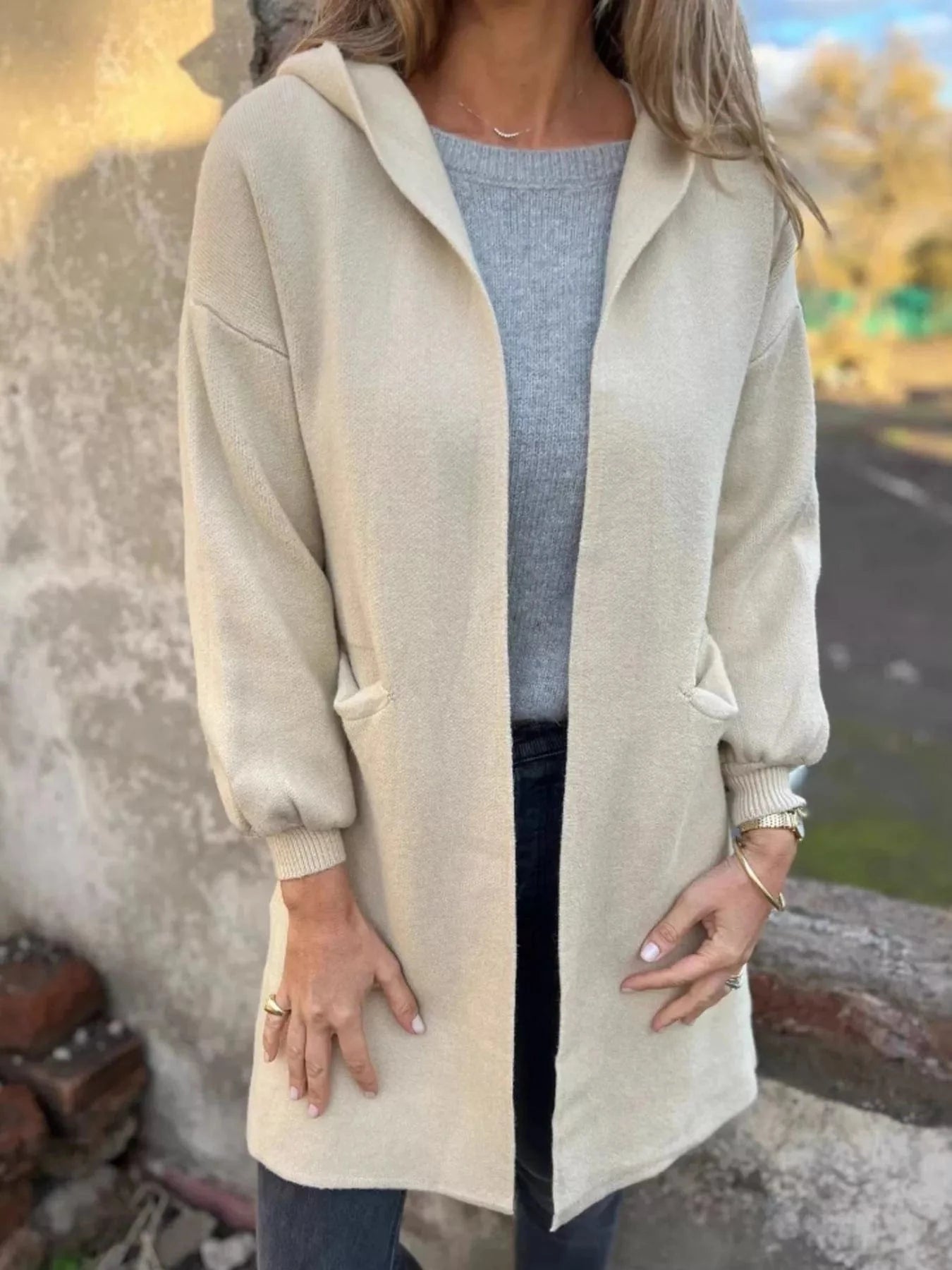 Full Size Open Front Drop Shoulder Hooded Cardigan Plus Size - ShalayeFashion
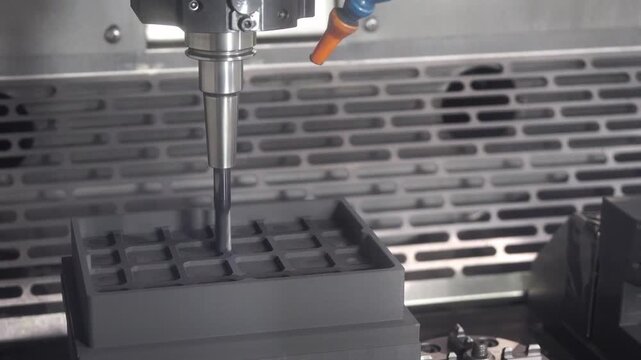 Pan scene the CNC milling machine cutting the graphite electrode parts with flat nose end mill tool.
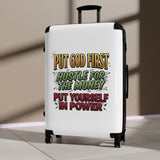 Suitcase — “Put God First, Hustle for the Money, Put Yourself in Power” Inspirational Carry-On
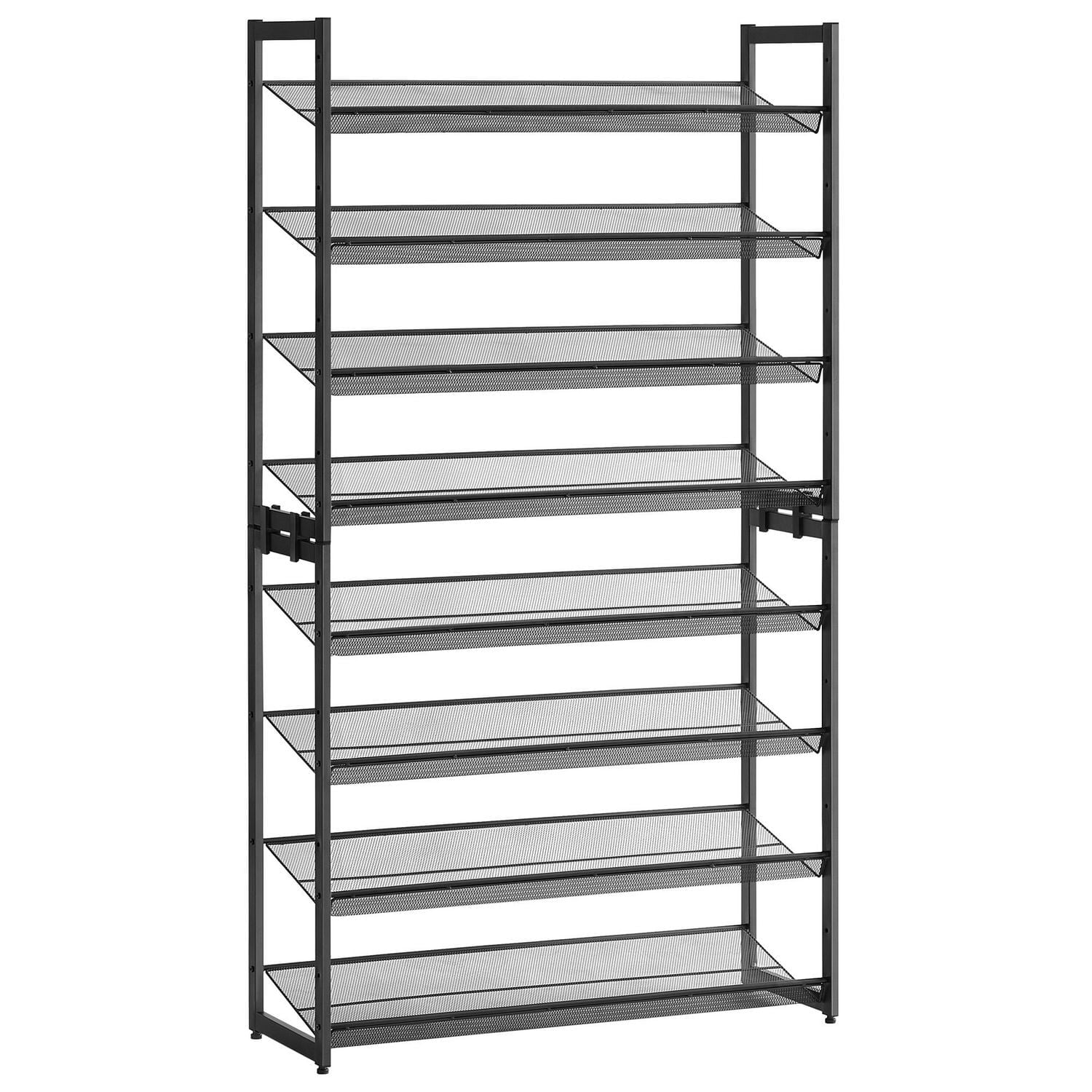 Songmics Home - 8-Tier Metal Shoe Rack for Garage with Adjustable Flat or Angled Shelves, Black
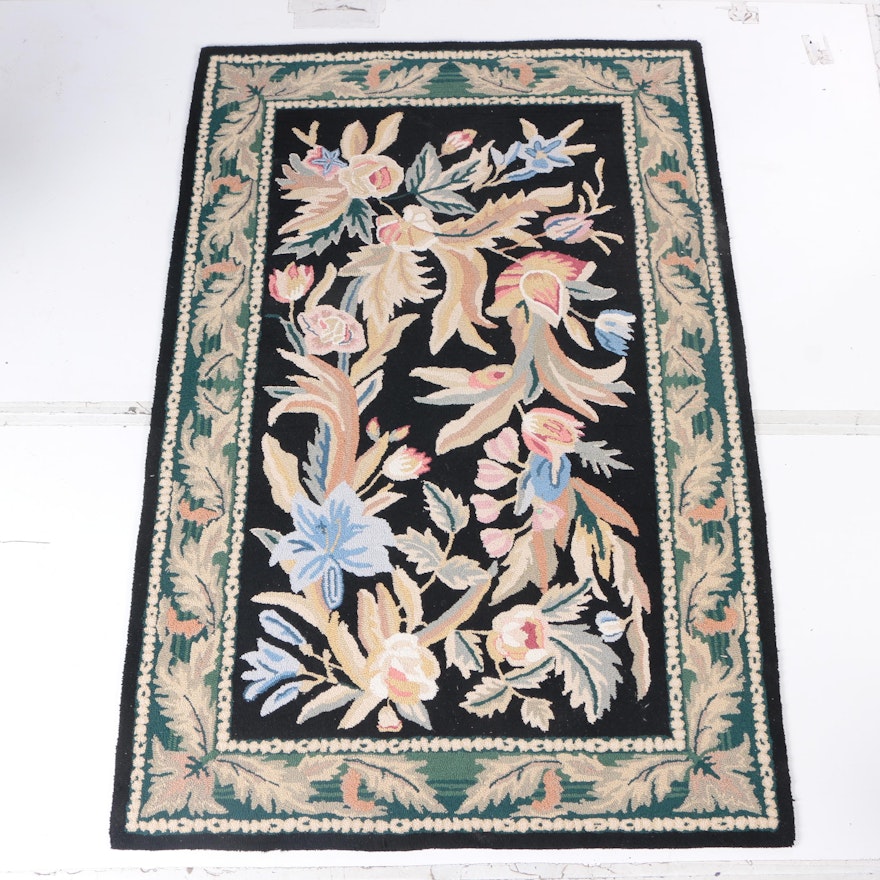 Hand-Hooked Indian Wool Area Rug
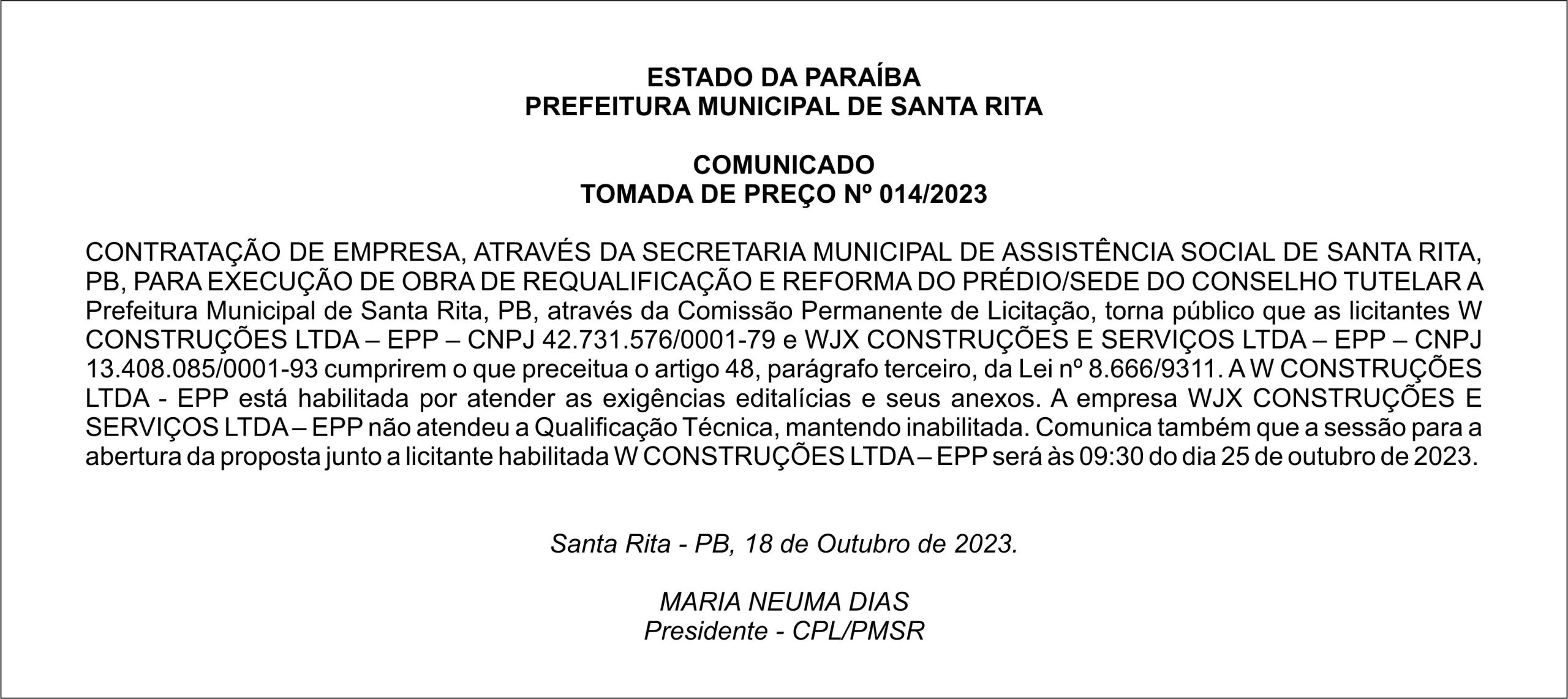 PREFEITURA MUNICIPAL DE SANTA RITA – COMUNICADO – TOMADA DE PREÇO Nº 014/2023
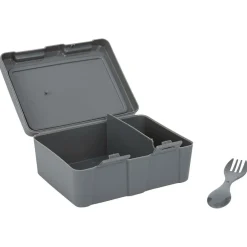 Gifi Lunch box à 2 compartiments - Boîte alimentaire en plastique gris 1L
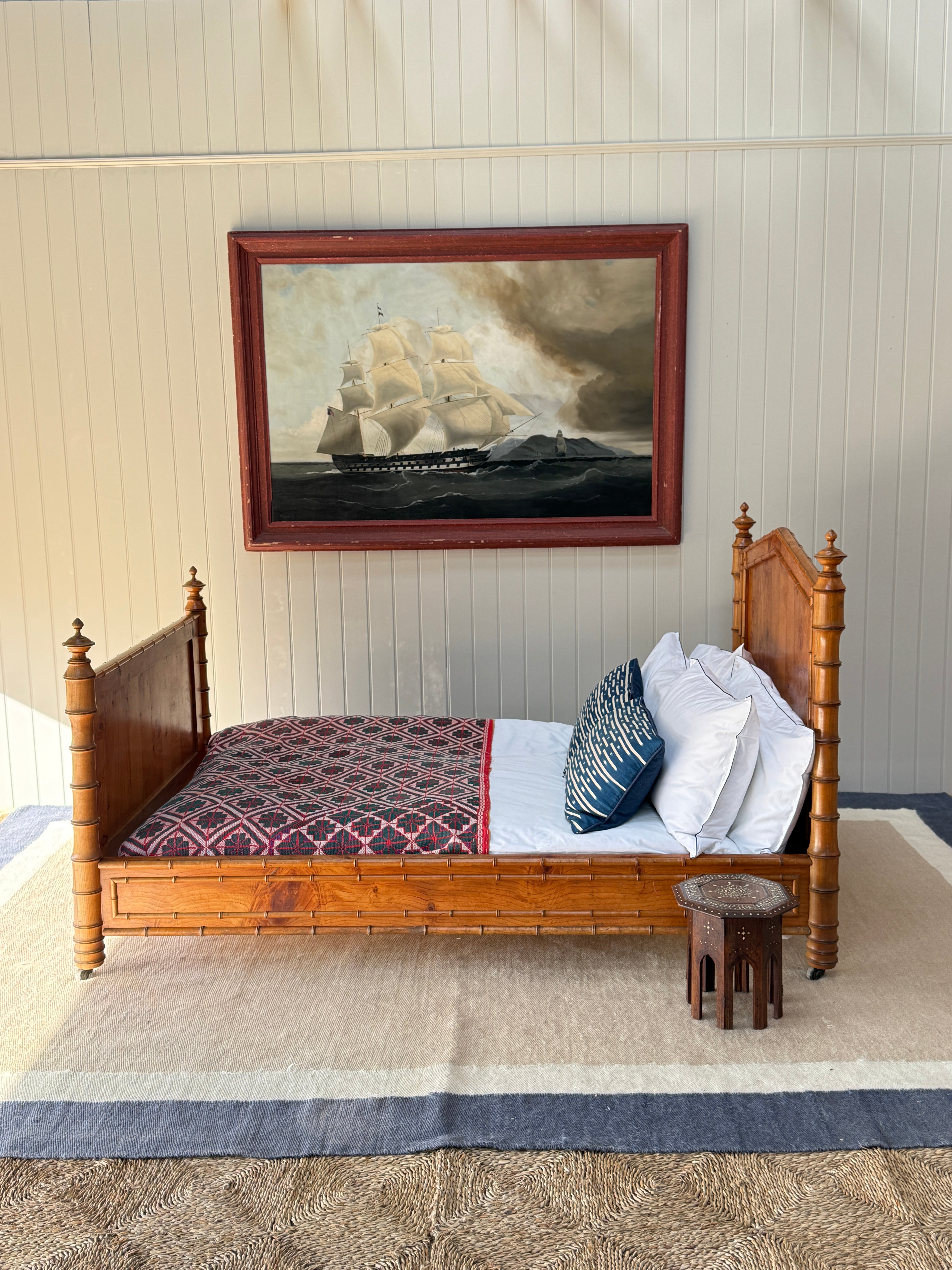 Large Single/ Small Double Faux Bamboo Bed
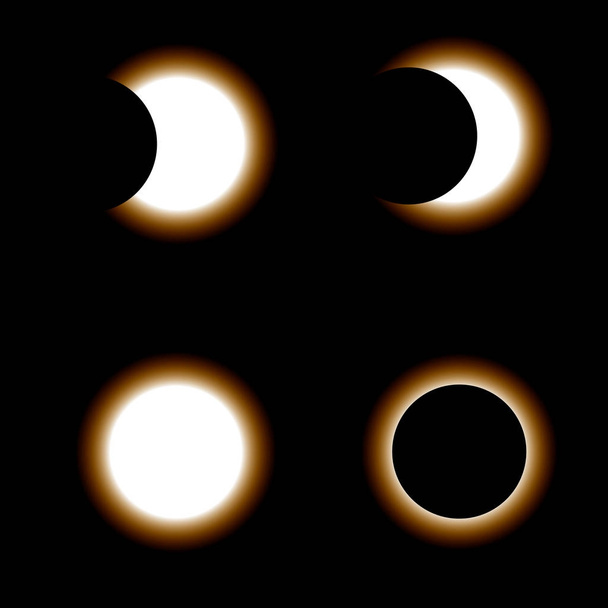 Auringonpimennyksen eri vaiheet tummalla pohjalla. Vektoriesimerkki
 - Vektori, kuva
-------------------------
_Exercise description_. The reply should hold an exact repeat of the entries from their opening line through the line with "God First, Hustle", and no pictures at all.

_Output of the exercise_.
 Full Size Open Front Drop Shoulder Hooded Cardigan Plus Size - ShalayeFashion
 Pan scene the CNC milling machine cutting the graphite electrode parts with flat nose end mill tool.
 Suitcase — “Put God First, Hustle for the Money, Put Yourself in Power” Inspirational Carry-On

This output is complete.